■ **Provided data**:

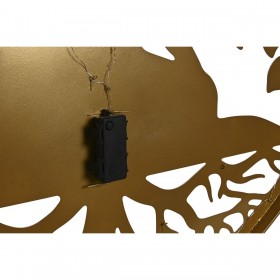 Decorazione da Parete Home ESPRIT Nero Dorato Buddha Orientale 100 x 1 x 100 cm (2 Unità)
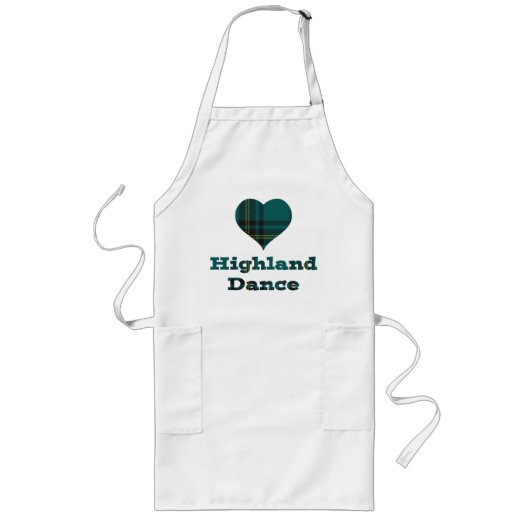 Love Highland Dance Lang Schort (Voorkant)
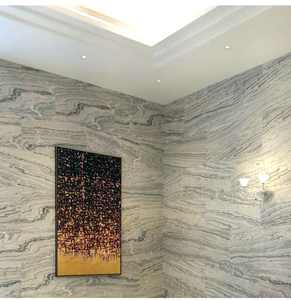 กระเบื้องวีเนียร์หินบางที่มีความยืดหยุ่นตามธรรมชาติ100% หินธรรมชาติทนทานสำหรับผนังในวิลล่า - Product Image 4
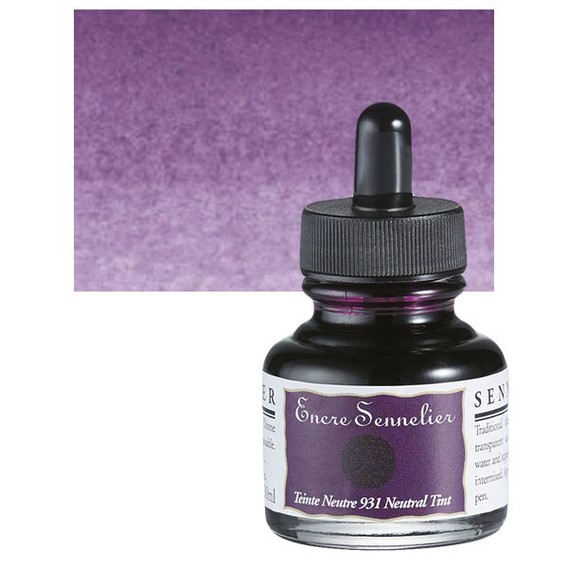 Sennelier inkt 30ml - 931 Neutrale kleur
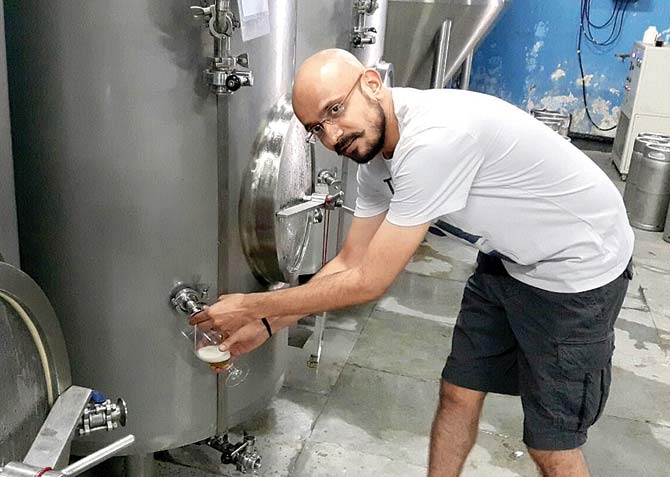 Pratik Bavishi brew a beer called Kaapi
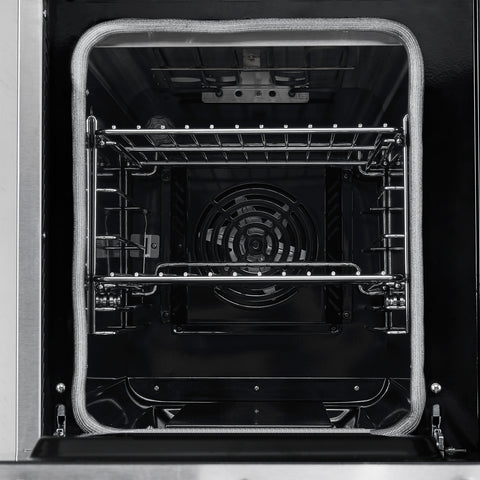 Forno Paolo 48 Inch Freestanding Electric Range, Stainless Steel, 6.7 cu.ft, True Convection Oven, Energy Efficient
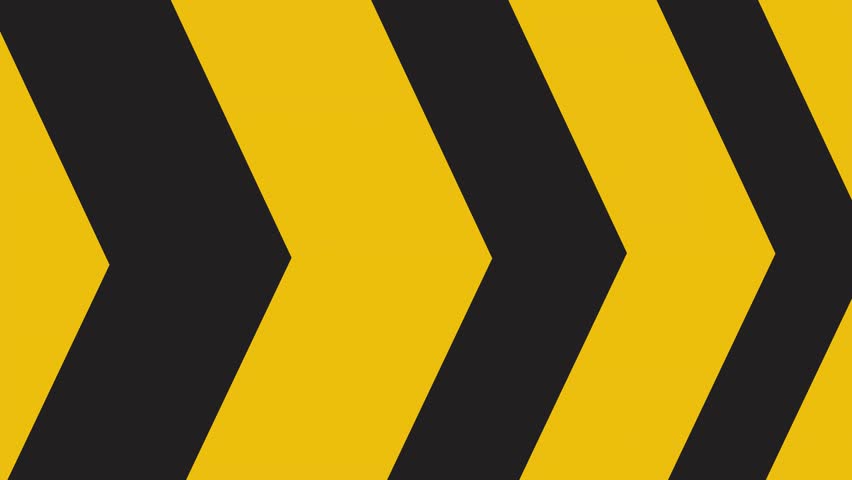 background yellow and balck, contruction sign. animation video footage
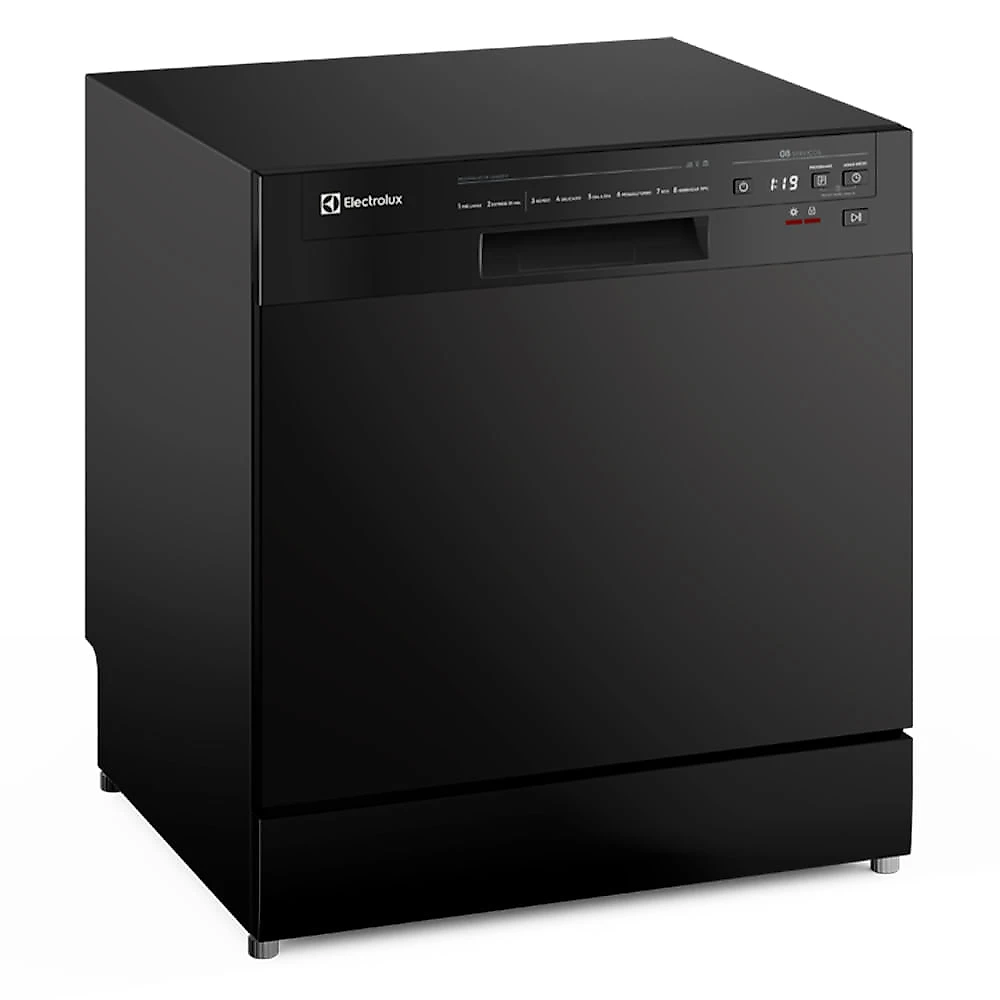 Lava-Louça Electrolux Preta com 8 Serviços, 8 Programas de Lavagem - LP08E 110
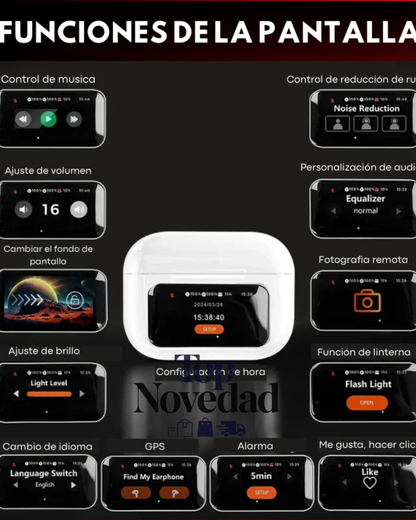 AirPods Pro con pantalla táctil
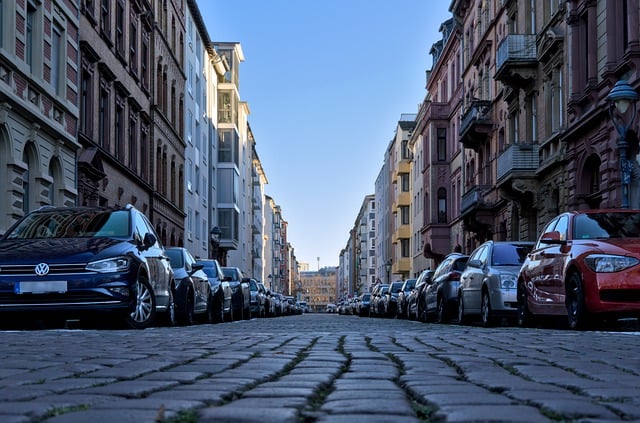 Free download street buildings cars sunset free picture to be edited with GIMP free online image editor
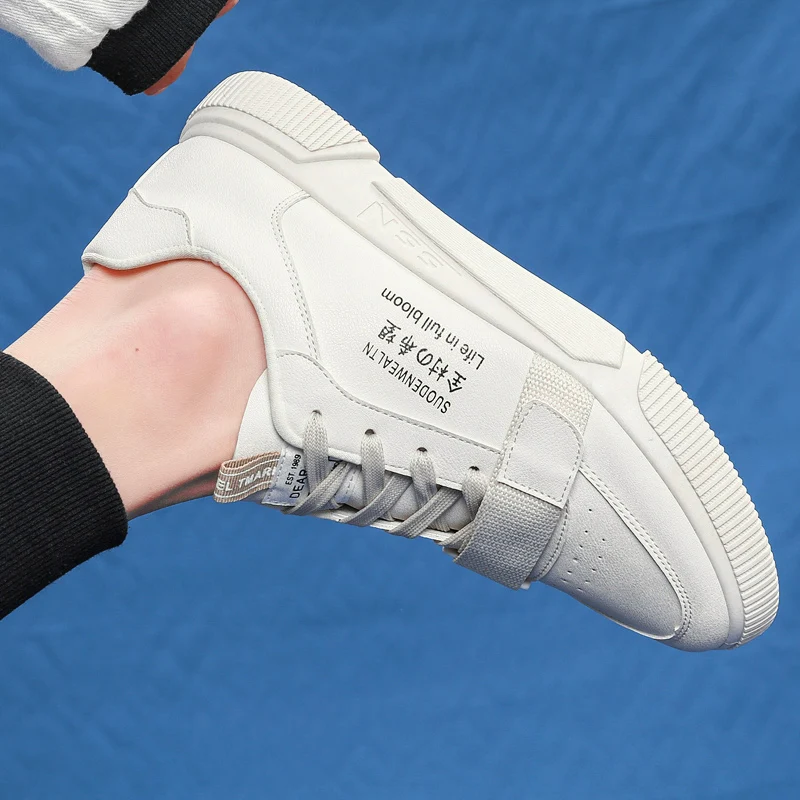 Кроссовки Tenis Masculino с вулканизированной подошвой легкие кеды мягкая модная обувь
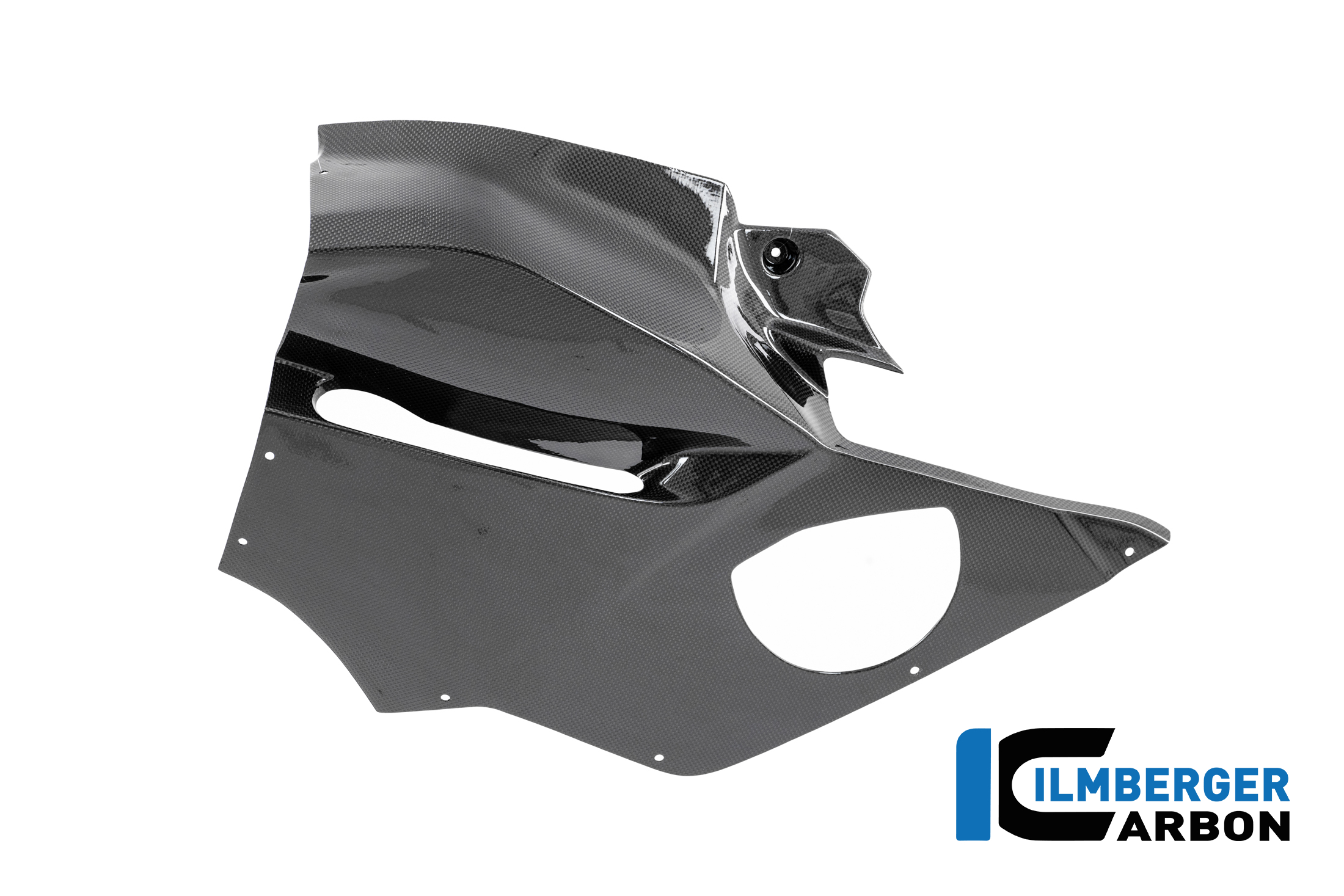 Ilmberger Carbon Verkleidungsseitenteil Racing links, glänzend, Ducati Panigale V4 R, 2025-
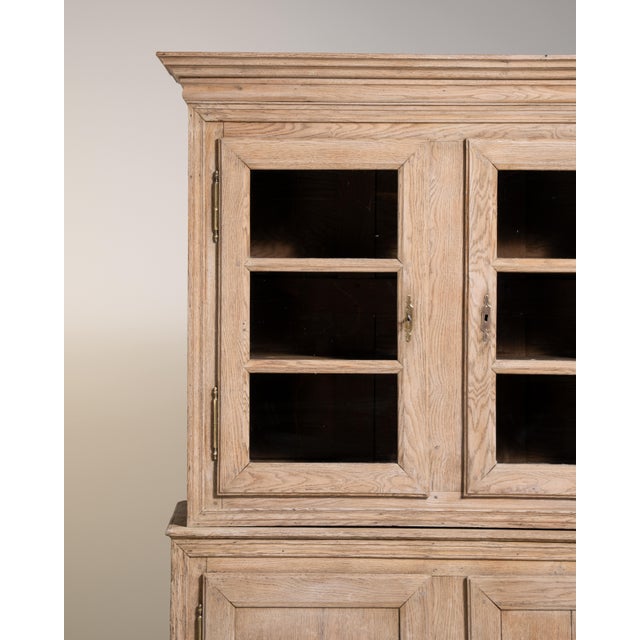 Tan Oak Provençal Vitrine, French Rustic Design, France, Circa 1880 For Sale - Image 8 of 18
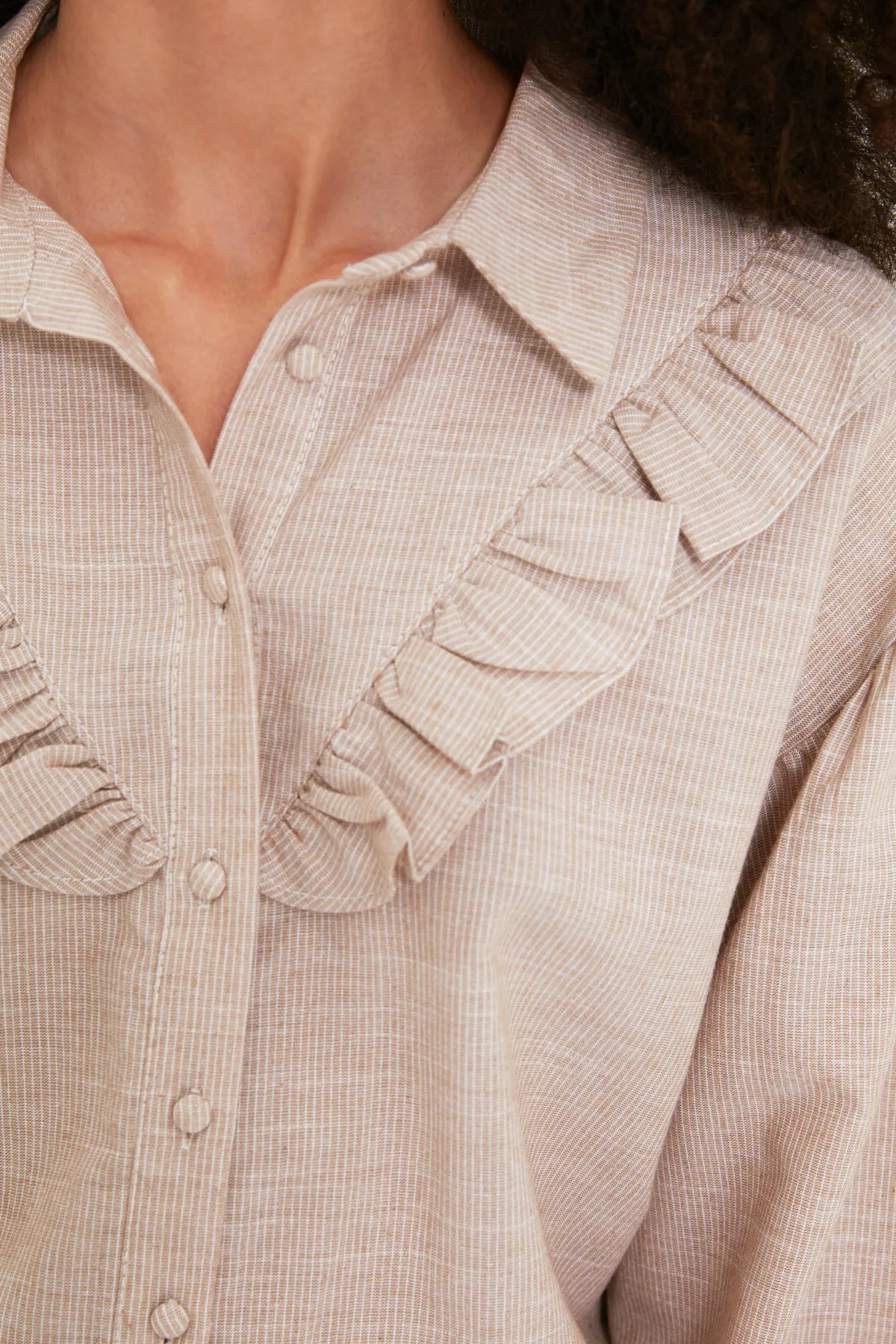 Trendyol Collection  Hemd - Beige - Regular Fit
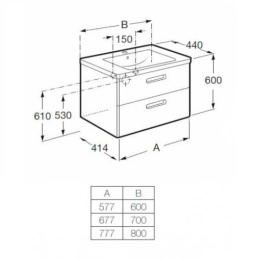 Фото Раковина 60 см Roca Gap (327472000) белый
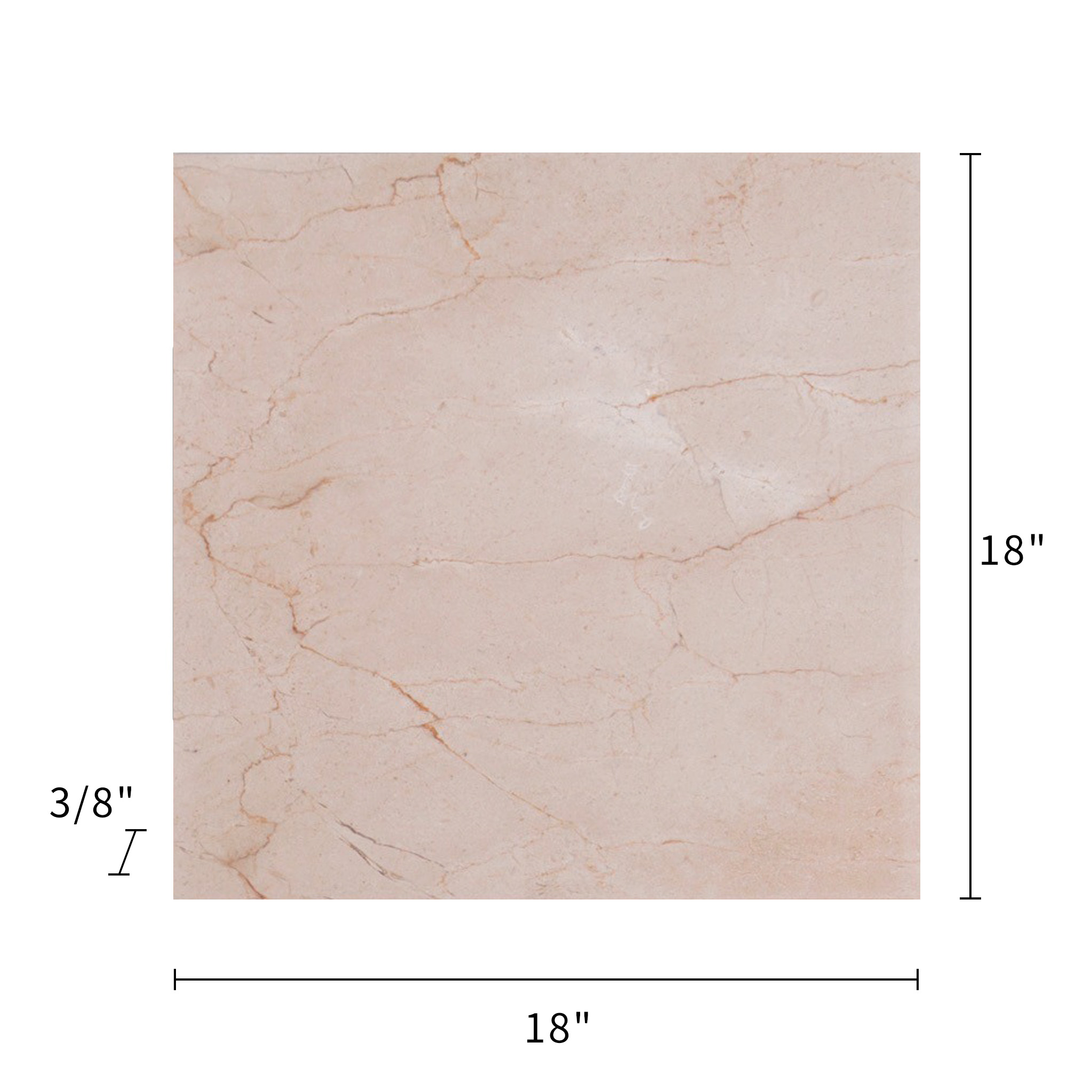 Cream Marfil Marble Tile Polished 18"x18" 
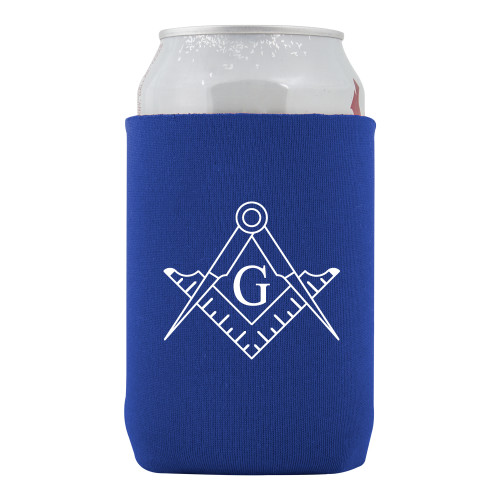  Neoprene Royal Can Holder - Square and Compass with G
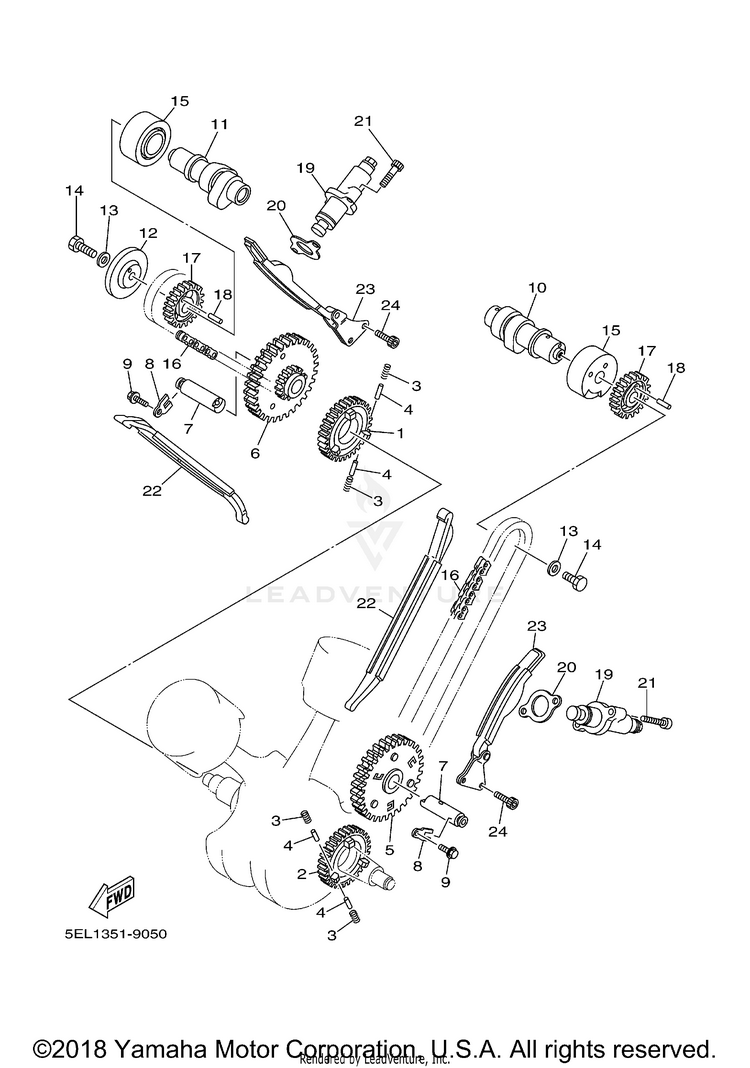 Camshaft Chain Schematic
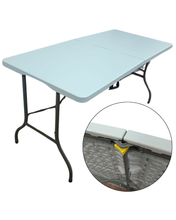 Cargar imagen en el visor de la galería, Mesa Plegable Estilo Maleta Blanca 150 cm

■ **What is needed**: Reproduce the lines of the listing exactly, starting at the one that contains "Tan Oak Provençal" and continuing through the final line, but leave out the pictures.

■ **Solution**:
 Tan Oak Provençal Vitrine, French Rustic Design, France, Circa 1880 For Sale - Image 8 of 18
 Trendyol Collection  Hemd - Beige - Regular Fit
 Фото Раковина 60 см Roca Gap (327472000) белый
 Cream Marfil Marble Tile Polished 18"x18" 
  Neoprene Royal Can Holder - Square and Compass with G
 Camshaft Chain Schematic
 Cargar imagen en el visor de la galería, Mesa Plegable Estilo Maleta Blanca 150 cm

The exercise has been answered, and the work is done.